Einiges Russland
Ich hatte erwartet, der Film würde größeren Widerstand leisten. Insgeheim hatte ich gehofft, er würde der Musik erst nach heftigerer Gegenwehr das Feld überlassen. Es war gewiss naiv, dies anzunehmen. Und im Gegenzug ist es womöglich ein Fehler, sie überhaupt in Opposition zueinander zu bringen. Auf jeden Fall widerspricht es der Orthodoxie.

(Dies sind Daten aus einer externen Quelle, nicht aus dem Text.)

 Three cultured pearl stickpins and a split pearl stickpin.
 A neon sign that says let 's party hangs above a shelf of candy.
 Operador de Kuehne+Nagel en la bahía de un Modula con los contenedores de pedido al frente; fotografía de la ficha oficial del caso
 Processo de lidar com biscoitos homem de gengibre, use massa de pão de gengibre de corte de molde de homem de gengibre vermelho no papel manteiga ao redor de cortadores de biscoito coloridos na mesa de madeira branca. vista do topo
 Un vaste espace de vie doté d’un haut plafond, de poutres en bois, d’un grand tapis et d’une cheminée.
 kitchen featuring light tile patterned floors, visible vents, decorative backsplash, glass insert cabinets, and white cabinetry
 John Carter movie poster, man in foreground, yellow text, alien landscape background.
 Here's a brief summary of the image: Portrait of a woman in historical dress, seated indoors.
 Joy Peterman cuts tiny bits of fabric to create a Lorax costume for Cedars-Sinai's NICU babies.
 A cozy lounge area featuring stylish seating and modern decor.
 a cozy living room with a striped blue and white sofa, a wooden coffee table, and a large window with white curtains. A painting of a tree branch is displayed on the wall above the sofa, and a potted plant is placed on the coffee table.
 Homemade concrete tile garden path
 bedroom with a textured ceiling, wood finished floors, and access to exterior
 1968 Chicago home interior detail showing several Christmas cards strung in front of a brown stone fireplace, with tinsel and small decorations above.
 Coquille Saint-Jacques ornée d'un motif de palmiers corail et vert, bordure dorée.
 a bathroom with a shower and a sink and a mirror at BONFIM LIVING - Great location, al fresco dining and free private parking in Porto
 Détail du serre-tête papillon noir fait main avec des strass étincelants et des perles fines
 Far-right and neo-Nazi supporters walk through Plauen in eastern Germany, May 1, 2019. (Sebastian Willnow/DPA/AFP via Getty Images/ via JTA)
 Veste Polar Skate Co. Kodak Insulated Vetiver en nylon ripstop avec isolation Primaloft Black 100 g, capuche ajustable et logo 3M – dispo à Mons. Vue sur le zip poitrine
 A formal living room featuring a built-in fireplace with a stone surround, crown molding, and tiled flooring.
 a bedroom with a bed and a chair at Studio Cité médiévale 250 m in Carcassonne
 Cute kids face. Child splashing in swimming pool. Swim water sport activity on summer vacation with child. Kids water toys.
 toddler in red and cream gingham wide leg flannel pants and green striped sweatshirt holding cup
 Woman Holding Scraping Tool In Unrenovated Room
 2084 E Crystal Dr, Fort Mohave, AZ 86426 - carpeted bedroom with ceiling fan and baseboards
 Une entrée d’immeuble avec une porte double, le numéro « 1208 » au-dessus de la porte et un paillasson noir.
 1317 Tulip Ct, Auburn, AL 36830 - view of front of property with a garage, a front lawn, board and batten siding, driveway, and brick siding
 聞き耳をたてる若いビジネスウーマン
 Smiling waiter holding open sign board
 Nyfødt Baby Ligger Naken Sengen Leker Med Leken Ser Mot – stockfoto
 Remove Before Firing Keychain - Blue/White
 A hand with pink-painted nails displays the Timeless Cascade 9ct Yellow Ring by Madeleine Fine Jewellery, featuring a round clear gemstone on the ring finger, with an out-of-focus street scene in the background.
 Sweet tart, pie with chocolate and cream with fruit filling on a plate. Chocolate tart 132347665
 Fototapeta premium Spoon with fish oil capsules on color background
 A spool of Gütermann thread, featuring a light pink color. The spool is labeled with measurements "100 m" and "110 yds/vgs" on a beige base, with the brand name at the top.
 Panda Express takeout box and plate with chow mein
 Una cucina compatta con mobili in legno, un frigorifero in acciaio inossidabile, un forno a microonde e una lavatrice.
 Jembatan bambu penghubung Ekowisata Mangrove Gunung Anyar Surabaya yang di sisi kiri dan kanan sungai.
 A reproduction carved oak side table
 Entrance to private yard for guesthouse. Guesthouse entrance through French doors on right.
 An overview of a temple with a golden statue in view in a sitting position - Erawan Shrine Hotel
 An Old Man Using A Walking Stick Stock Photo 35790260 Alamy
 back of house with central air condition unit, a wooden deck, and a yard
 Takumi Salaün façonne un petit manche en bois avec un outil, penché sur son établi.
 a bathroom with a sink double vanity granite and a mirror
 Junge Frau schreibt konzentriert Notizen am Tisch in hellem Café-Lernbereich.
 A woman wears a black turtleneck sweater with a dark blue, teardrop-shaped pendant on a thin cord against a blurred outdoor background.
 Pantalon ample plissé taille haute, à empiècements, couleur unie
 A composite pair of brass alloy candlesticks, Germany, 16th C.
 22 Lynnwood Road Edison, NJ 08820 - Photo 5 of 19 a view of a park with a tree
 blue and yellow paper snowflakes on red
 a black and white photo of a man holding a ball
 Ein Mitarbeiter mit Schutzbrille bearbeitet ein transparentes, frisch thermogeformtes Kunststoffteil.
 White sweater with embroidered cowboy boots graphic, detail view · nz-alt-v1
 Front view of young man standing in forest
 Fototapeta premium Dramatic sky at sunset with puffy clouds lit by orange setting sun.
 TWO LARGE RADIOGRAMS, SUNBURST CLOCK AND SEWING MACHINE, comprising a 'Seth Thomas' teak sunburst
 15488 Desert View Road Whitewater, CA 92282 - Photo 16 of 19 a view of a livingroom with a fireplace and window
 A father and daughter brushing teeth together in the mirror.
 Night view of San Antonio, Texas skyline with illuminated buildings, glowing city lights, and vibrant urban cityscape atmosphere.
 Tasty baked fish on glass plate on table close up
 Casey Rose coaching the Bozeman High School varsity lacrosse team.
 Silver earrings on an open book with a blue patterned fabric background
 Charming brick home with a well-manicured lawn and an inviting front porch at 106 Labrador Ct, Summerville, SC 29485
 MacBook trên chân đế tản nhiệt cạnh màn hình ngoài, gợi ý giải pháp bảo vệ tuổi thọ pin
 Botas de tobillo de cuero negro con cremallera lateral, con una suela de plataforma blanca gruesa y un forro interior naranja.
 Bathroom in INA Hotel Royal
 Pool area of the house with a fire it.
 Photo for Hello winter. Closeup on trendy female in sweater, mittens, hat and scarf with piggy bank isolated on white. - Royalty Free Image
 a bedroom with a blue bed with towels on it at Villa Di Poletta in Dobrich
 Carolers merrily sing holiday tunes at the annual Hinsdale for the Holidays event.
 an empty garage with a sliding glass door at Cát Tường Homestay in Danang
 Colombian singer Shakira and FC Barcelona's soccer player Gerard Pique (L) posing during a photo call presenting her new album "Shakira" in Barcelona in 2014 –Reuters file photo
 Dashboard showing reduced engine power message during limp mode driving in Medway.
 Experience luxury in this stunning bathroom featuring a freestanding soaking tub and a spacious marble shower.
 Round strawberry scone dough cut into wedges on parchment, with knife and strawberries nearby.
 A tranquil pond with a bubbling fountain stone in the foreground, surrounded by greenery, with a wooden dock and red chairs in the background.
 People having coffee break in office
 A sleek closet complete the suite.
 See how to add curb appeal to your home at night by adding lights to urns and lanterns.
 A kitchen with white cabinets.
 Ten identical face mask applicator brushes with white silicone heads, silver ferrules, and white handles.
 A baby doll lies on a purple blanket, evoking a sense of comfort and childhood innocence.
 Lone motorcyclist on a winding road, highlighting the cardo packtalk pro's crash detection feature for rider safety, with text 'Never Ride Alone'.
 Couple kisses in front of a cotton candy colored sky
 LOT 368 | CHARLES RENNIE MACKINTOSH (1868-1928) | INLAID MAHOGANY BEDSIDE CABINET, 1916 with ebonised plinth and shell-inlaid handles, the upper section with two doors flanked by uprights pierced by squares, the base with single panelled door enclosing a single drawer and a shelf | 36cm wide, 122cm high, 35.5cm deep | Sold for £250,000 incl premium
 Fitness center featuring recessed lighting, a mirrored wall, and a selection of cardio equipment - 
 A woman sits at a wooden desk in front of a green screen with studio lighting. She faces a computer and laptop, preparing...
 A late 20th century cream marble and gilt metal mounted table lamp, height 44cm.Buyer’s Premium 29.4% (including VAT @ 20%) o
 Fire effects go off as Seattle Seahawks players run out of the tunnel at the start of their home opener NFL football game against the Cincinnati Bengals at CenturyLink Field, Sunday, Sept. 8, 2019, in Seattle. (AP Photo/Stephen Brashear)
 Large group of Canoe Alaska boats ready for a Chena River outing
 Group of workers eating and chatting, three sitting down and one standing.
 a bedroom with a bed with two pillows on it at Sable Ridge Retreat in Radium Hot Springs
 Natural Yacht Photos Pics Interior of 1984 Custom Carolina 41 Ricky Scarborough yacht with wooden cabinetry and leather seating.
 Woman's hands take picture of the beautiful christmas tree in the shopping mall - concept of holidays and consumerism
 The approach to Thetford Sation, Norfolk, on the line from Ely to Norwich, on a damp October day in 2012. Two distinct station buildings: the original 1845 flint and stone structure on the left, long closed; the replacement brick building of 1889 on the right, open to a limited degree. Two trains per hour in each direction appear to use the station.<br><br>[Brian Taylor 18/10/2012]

Denn üblicherweise wird die Zusammenarbeit von Sergej Eisenstein und Sergej Prokofjew als eine innige, unauflösbare Allianz geschildert, bei der die Arbeit des Regisseurs und die des Komponisten mustergültig ineinandergreifen. Aber warum sollte dies eine unumstößliche Prämisse sein? Und da ich Ihnen von einer Live-Aufführung berichten will, erscheint es mir ertragreicher, nicht das Bekannte zu bestätigen, sondern sich von ihm überraschen zu lassen. Der Abend, den ich im Konzerthaus Berlin verbrachte, lehrte mich jedenfalls, dass diese Einheit das Resultat eines erbitterten Ringens sein kann. Am letzten Wochenende wurden im Rahmen des Musikfestes Berlin die zwei Teile von »Iwan der Schreckliche« aufgeführt. Prokofjews Partitur wurde dazu live eingespielt vom Rundfunksinfonieorchester Berlin unter dem Dirigat des ausgewiesenen Filmmusikkenners Frank Strobel, dem Rundfunkchor sowie mehreren Gesangssolisten. Es war ein veritabler Kraftakt, der an diesem Abend von allen Beteiligten verlangt wurde.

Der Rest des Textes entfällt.